Meal planning can help make the process of cooking meals throughout the week less stressful, and can also help people stick to a budget when grocery shopping — but there's also a lot of work involved that can create stress too, especially if things don't go as planned. A woman on Reddit explained that the way she shops for groceries and plans her meals has changed due to high prices at grocery stores.
"I have to be aware of every penny I spend in order to get the most of my money when it comes to food. Every week I have a grocery budget, I plan out all meals and what I get for the week is what we have, I do not do extra grocery runs during the week unless it’s absolutely necessary," the Reddit user explained in her post. After her careful planning, she was not happy when her boyfriend ate all of the sour cream one day.
The woman tells her boyfriend she bought the sour cream for meals.
In her post, the woman explained that she bought sour cream with the intention of using it for three meals that week. She told her boyfriend this. She added that she pays for 70% of the groceries because her boyfriend pays for utilities. She is the one who does the planning and shopping. "I always tell him, if he wants additional food or if he’s still hungry he can get it himself (keep in mind we are not portion restricted)," she explained.

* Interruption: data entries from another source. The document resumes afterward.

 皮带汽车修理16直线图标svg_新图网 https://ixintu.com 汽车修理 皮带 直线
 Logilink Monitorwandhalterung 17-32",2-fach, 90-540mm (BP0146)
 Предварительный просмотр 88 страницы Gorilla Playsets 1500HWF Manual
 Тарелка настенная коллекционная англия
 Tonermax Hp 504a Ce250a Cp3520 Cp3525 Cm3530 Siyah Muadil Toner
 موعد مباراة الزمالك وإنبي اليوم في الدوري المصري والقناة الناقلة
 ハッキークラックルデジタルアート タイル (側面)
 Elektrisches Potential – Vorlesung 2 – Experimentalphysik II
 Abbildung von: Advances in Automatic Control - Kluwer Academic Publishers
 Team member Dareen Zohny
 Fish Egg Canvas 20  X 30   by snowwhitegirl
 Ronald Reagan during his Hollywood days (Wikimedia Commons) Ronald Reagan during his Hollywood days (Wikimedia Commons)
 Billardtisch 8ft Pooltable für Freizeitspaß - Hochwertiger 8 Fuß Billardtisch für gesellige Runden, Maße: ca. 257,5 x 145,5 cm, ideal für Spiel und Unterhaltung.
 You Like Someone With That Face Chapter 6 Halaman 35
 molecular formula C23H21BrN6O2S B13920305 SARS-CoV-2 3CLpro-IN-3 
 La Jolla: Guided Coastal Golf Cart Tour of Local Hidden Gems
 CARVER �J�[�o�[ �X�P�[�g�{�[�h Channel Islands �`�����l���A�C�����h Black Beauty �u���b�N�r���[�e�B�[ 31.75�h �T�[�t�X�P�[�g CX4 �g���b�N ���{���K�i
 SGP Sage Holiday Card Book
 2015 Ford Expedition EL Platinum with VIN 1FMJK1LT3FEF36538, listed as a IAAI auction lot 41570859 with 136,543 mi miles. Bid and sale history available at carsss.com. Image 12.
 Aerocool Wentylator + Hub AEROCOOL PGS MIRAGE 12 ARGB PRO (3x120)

Her boyfriend eats all of the sour cream.
The woman said she came home one day to find out that the sour cream that was meant to be used for three meals was gone. She said that her boyfriend "snacked on it throughout the day" and didn't see why it was a big deal. "I try so hard to budget and save money and I feel like he just doesn’t care. I told him he can either buy a new tub or I’m not cooking for the rest of the week," she wrote.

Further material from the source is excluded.